Cluster analysis separated the grass species into four groups (Fig. 1). Species distributed in areas with the highest isothermality (Bio3), annual precipitation (Bio12), precipitation seasonality (Bio15), precipitation of the driest quarter (Bio17), precipitation of the warmest quarter (Bio18), evapotranspiration and organic carbon content were clustered in Group 1. Species distributed in areas with the highest mean diurnal range (Bio2), mean temperature of the warmest quarter (Bio10), wind speed, pH, sodium, calcium, and electrical conductivity were clustered in Groups 2, 3, and 4. Group 3 was shaped by species distributed in areas with the highest temperature annual range (Bio7), radiation, and sand content while Group 4 clustered species adapted to the highest cation exchange capacity and the highest magnesium, calcium, and clay contents.

Figure 1
figure 1

Clustering patterns of 50 grass species developed with the means of 26 environmental variables, obtained from their distribution range (a). Biplot of the first two principal components showing the distribution of the environmental variability for the distribution of the 50 grass species (b). Arrow lines illustrate the loadings of each variable (WorldClim Bio1, Bio3, Bio7, Bio10, Bio11-12, Bio15, Bio17-19, elevation, evapotranspiration, radiation, aridity index, wind speed) and soil variables. Colors (red to blue) indicate the percentage of contribution of the variables to the principal components. Andropogon gerardii = Ange, Aristida divaricata = Ardi, Aristida pansa = Arpa, Aristida purpurea = Arpu, Aristida ternipes = Arte, Bothriochloa barbinodis = Boba, Bothriochloa laguroides = Bola, Bouteloua chondrosioides = Boch, Bouteloua curtipendula = Bocu, Bouteloua dactyloides = Boda, Bouteloua eriopoda = Boer, Bouteloua gracilis = Bogr, Bouteloua hirsuta = Bohi, Bouteloua radicosa = Bora, Bouteloua ramosa = Borm, Bromus anomalus = Bran, Pennisetum ciliare = Peci, Chloris submutica = Chsu, Dasyochloa pulchella = Dasy, Digitaria californica = Dica, Digitaria cognata = Dico, Elionurus barbiculmis = Elba, Enneapogon desvauxii = Ende, Eragrostis curvula = Ercu, Eragrostis intermedia = Erin, Erioneuron avenaceum = Erav, Heteropogon contortus = Heco, Hilaria mutica = Himu, Disakisperma dubium = Ledu, Muhlenbergia phleoides = Muph, Microchloa kunthii = Miku, Muhlenbergia arenicola = Muar, Muhlenbergia glauca = Mugl, Muhlenbergia porteri = Mupo, Zuloagaea bulbosa = Pabu, Panicum hirticaule = Pahi, Hopia obtusa = Paob, Paspalum distichum = Padi, Schizachyrium scoparium = Scsc, Scleropogon brevifolius = Acbr, Setaria leucopila = Sele, Setaria macrostachya = Sema, Setaria parviflora = Sepa, Sorghastrum nutans = Sonu, Sporobolus airoides = Spar, Sporobolus flexuosus = Spfl, Trachypogon spicatus = Trsp, Leptochloa crinita = Trcr, Distichlis spicata = Disp, Panicum hallii = Paha, Pappophorum bicolor = Pabi.

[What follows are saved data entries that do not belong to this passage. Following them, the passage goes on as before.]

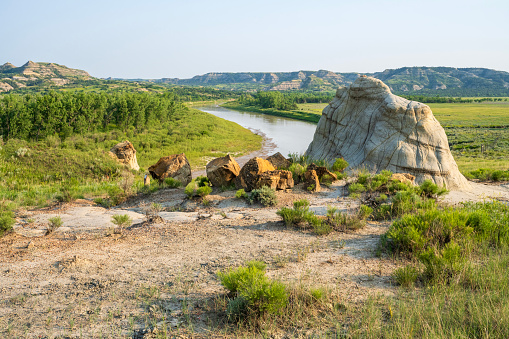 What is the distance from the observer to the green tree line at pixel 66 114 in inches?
1532

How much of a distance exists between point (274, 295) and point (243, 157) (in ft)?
134

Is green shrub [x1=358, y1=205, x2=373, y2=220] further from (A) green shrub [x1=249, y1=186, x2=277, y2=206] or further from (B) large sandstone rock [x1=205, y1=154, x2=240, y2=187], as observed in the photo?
(B) large sandstone rock [x1=205, y1=154, x2=240, y2=187]

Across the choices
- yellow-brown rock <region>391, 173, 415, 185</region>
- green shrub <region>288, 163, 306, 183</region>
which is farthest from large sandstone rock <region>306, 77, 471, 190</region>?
green shrub <region>288, 163, 306, 183</region>

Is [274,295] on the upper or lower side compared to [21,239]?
upper

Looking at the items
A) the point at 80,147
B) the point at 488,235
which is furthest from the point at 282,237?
the point at 80,147

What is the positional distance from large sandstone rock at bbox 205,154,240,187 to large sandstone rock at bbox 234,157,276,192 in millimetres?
557

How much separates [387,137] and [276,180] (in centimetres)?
638

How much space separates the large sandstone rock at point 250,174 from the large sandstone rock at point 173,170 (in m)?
4.02

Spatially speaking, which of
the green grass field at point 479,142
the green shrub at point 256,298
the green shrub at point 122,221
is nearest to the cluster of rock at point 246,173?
the green shrub at point 122,221

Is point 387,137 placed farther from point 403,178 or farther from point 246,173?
point 246,173

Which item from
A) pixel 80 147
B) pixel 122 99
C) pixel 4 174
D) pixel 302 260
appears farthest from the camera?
pixel 122 99

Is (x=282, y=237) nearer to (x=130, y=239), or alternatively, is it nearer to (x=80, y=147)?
(x=130, y=239)

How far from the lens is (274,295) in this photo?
467 cm

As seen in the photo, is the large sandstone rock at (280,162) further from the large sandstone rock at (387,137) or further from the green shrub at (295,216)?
the green shrub at (295,216) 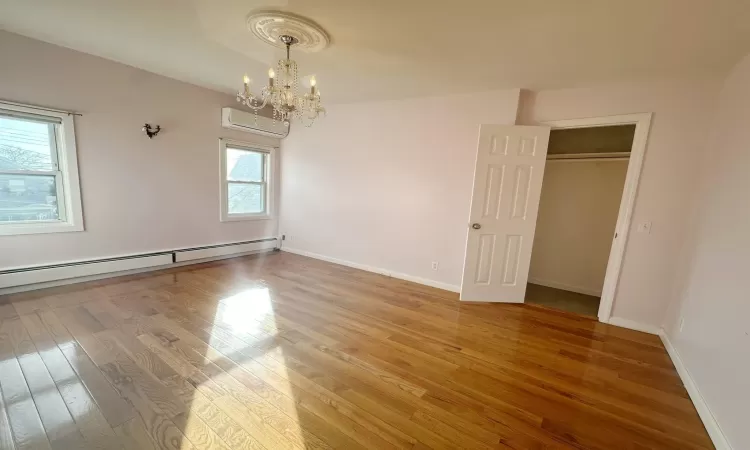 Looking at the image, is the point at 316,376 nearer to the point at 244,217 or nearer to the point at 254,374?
the point at 254,374

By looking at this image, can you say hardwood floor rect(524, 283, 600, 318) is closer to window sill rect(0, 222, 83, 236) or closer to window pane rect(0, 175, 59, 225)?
window sill rect(0, 222, 83, 236)

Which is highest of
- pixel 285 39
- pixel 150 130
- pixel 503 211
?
pixel 285 39

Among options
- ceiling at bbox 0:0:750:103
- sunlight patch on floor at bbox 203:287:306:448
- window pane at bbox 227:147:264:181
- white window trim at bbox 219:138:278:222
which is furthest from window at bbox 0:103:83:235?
sunlight patch on floor at bbox 203:287:306:448

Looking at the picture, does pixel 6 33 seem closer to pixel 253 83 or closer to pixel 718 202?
pixel 253 83

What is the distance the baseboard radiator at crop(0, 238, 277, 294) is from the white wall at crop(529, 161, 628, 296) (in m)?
4.76

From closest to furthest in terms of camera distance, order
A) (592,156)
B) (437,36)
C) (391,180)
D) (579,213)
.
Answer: (437,36)
(592,156)
(579,213)
(391,180)

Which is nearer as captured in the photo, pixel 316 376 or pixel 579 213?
pixel 316 376

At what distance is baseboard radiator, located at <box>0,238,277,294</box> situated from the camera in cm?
293

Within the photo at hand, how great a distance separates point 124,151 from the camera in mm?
3494

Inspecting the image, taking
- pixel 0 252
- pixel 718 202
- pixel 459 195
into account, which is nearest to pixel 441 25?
pixel 459 195

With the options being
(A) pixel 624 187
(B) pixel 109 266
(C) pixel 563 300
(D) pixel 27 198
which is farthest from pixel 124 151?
(C) pixel 563 300

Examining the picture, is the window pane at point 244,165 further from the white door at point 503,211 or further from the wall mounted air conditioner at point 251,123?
the white door at point 503,211

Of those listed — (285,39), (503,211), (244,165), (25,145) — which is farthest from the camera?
(244,165)

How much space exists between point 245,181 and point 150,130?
4.91 ft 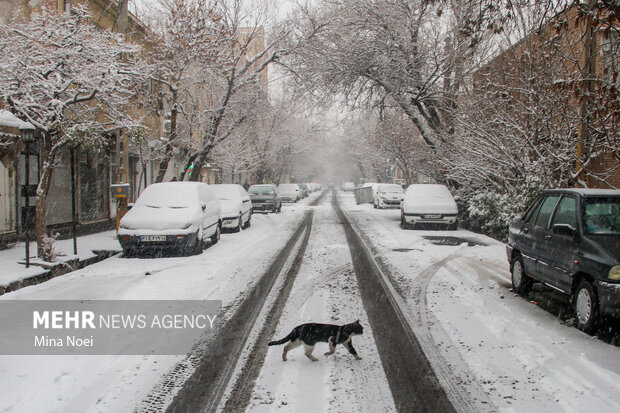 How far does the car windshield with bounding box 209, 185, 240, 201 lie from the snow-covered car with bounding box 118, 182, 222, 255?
497cm

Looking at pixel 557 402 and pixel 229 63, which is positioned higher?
pixel 229 63

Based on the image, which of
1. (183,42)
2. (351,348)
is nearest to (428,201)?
(183,42)

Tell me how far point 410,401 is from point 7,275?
25.6 ft

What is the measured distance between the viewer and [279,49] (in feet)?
65.2

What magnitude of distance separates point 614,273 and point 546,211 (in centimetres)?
219

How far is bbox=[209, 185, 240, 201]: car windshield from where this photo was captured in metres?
18.5

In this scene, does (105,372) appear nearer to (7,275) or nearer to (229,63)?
(7,275)


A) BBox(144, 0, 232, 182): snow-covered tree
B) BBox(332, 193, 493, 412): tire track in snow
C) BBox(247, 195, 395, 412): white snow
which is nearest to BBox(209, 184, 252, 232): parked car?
BBox(144, 0, 232, 182): snow-covered tree

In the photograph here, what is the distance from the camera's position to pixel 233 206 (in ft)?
58.6

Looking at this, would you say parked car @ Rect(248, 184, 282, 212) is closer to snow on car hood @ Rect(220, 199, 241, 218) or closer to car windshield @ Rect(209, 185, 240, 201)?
car windshield @ Rect(209, 185, 240, 201)

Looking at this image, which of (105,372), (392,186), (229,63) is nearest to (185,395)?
(105,372)

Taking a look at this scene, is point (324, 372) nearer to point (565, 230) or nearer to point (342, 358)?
point (342, 358)

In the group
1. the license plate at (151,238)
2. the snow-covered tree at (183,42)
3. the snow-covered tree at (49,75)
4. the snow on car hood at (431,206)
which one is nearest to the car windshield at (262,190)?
the snow-covered tree at (183,42)

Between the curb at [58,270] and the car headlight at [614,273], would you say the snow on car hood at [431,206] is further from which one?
the car headlight at [614,273] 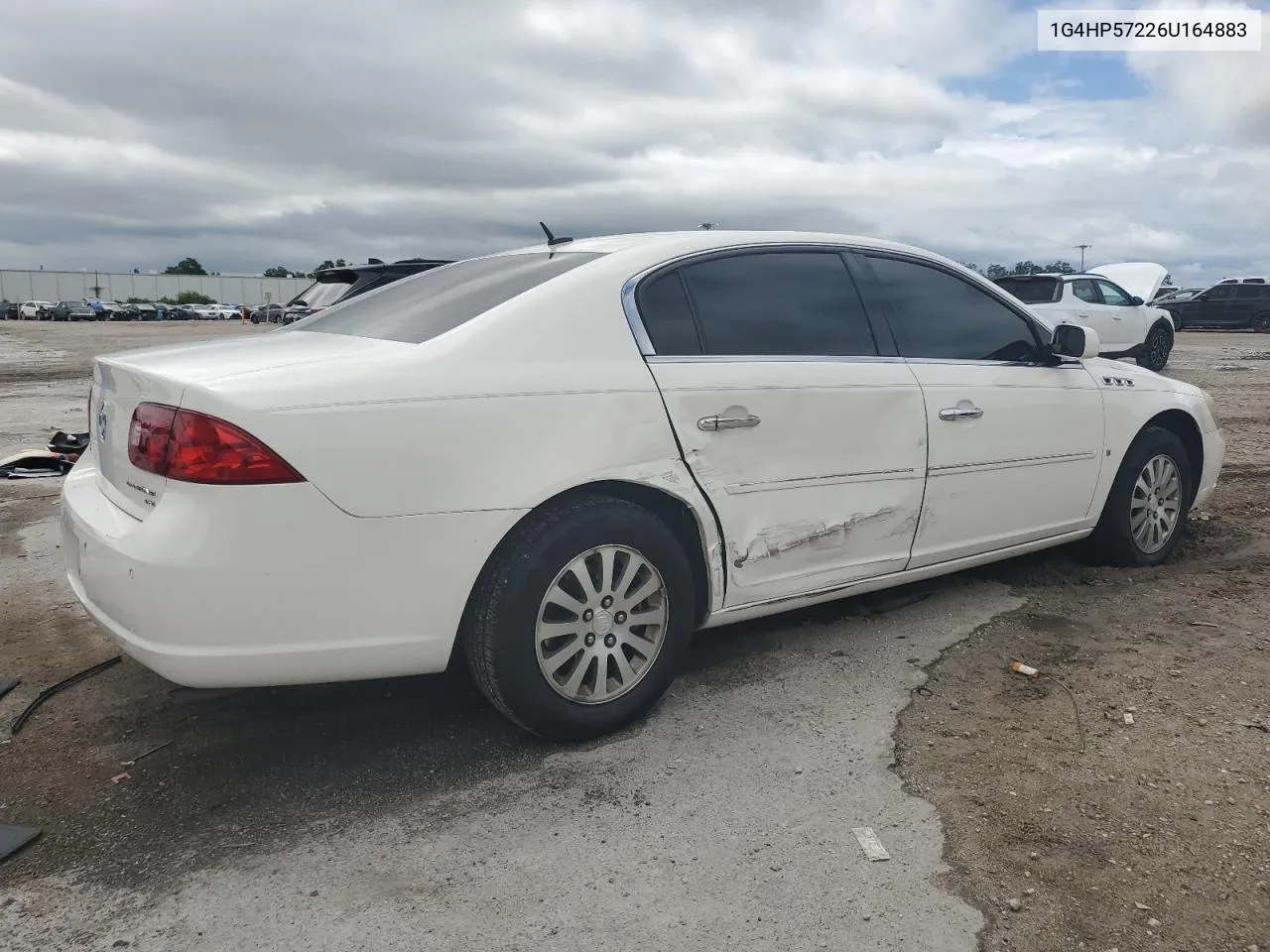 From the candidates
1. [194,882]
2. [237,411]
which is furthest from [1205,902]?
[237,411]

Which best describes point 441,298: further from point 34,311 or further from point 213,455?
point 34,311

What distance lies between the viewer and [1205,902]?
2.28m

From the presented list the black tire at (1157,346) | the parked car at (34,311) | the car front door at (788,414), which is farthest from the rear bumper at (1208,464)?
the parked car at (34,311)

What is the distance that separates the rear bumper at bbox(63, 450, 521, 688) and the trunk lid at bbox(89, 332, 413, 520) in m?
0.10

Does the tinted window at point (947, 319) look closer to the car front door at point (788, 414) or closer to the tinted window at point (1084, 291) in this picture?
the car front door at point (788, 414)

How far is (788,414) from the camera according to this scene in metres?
3.39

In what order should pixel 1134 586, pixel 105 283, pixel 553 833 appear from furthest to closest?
pixel 105 283 → pixel 1134 586 → pixel 553 833

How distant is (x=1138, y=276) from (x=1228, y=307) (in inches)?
423

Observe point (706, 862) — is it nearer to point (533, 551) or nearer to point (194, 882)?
point (533, 551)

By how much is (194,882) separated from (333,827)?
14.1 inches

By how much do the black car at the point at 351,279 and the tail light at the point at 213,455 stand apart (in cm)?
697

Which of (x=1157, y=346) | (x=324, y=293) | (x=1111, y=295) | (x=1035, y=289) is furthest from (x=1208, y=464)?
(x=1157, y=346)

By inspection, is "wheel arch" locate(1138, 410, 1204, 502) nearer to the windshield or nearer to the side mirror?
the side mirror

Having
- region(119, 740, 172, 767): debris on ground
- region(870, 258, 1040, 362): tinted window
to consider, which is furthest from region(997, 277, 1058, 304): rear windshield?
region(119, 740, 172, 767): debris on ground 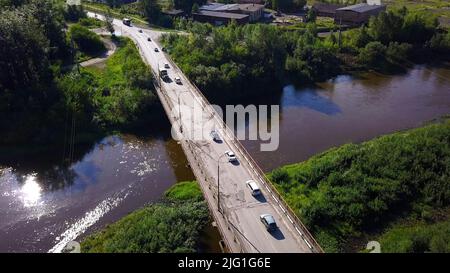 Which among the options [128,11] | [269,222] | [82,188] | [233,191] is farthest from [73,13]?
[269,222]

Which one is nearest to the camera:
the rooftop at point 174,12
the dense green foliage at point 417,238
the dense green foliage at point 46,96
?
the dense green foliage at point 417,238

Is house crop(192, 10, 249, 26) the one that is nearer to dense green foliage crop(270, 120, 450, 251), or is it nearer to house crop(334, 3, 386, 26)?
house crop(334, 3, 386, 26)

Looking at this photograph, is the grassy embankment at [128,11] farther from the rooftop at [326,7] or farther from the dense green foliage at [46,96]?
the rooftop at [326,7]

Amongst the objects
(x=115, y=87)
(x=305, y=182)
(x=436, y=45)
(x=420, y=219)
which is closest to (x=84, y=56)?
(x=115, y=87)

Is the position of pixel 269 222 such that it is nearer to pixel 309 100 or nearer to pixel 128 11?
pixel 309 100

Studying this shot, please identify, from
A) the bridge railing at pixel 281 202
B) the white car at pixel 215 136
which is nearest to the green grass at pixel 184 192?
the white car at pixel 215 136

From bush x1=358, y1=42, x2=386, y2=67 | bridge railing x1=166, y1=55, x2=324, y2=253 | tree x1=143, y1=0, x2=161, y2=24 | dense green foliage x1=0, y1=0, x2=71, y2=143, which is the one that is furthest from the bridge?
tree x1=143, y1=0, x2=161, y2=24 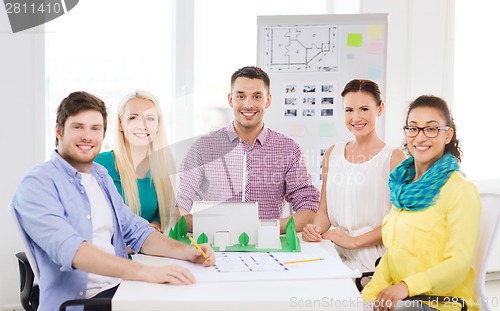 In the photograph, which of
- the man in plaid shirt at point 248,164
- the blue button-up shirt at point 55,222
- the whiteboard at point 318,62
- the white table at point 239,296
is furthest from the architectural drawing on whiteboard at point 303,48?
the white table at point 239,296

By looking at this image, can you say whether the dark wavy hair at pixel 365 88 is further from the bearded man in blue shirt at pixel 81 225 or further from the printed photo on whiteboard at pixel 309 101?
the bearded man in blue shirt at pixel 81 225

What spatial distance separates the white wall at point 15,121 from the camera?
337 cm

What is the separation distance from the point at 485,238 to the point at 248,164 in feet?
3.98

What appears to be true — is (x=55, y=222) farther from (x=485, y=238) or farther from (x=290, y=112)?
Answer: (x=290, y=112)

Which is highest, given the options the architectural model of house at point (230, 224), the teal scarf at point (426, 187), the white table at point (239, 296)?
the teal scarf at point (426, 187)

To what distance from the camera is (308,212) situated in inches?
108

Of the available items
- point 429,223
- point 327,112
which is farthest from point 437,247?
point 327,112

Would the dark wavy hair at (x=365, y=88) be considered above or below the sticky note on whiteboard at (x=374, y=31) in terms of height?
below

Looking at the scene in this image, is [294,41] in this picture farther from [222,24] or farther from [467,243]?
[467,243]

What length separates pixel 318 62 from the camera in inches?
143

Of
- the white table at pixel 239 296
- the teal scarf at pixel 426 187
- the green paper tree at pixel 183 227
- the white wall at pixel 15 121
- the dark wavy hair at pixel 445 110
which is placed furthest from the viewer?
the white wall at pixel 15 121

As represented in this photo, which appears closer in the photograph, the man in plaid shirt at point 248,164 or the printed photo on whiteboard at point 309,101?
the man in plaid shirt at point 248,164

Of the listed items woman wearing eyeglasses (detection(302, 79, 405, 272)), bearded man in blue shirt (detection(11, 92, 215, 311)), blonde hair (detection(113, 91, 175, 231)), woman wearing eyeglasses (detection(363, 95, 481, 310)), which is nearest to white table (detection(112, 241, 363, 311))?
bearded man in blue shirt (detection(11, 92, 215, 311))

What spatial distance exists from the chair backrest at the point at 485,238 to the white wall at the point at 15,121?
2.48 metres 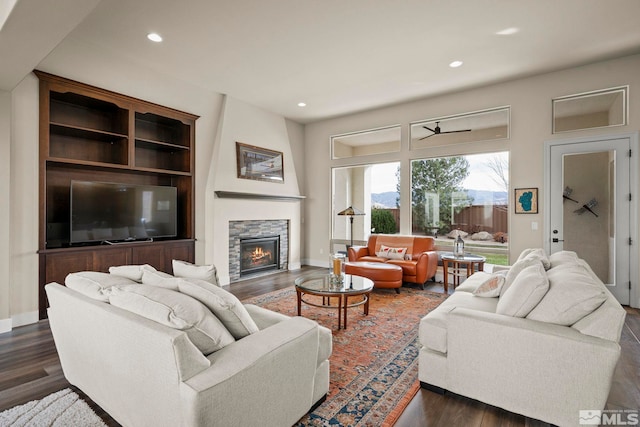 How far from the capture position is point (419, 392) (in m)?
2.15

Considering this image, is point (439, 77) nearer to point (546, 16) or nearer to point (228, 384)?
point (546, 16)

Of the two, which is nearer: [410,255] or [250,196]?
[410,255]

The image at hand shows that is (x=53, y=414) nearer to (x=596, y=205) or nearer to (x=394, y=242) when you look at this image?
(x=394, y=242)

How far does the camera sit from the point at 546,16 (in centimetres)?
320

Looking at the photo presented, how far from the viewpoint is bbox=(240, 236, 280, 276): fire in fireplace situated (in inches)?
229

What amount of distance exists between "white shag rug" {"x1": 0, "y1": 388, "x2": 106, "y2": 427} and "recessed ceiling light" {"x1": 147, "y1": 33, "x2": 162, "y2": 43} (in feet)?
11.4

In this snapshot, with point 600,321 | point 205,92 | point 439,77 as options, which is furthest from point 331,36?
point 600,321

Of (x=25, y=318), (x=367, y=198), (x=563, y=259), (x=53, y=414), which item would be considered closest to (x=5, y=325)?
(x=25, y=318)

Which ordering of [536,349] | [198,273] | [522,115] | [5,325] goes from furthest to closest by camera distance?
[522,115], [5,325], [198,273], [536,349]

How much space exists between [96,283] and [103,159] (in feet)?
10.6

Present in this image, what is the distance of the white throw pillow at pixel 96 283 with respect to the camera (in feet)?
5.71

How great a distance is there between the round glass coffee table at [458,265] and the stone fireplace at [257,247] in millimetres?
3106

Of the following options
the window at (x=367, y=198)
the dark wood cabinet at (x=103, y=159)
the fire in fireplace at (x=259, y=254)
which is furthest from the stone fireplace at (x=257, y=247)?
the window at (x=367, y=198)

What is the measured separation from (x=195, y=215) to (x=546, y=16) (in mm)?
5009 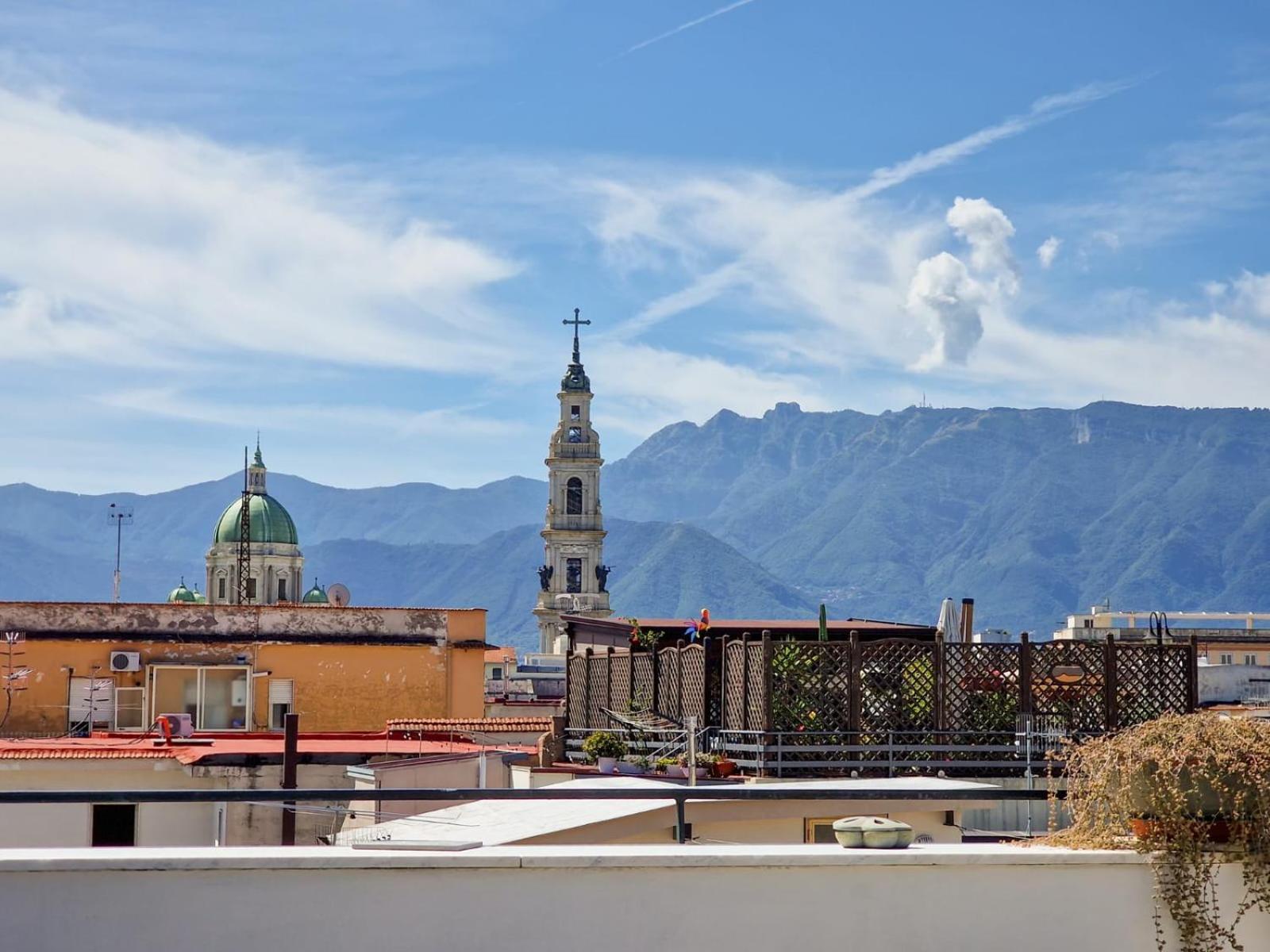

Environmental niche modeling

Distribution models showed high accuracy with values of AUC greater than 0.85. Most of the models (90%) showed an accuracy greater than 0.9, with an average AUC of 0.93 (Table 2). Therefore, the accuracy of the constructed models was high and could be used to predict the habitat suitability range of the species analyzed. The species with the highest habitat suitability range (greater than 75%) were Bouteloua curtipendula (118,830 km2), followed by Trachypogon secundus (103,243 km2), Leptochloa crinita (89,332 km2), Bouteloua hirsuta (87,995 km2), Aristida divaricata (75,699 km2), Hopia obtusa (69,740 km2), Bouteloua gracilis (68,496km2), Aristida ternipes (64,875 km2), and Setaria parviflora (57,756 km2). Elevation was the variable with the highest contribution for 25 of the 50 grass species evaluated. Aridity was the variable with the highest contribution for Hilaria mutica, Dasyochloa pulchella, Sorghastrum nutans, and Trachypogon secundus. Likewise, temperature annual range was the variable with the highest contribution for Digitaria cognata, Digitaria californica, Muhlenbergia porteri, Setaria parviflora, Bouteloua eriopoda, and Sporobolus flexuosus. Soil variables such as calcium were the most important for Aristida purpurea and Panicum hallii, while pH was the most important factor for the habitat suitability of Setaria leucopila (Table 3).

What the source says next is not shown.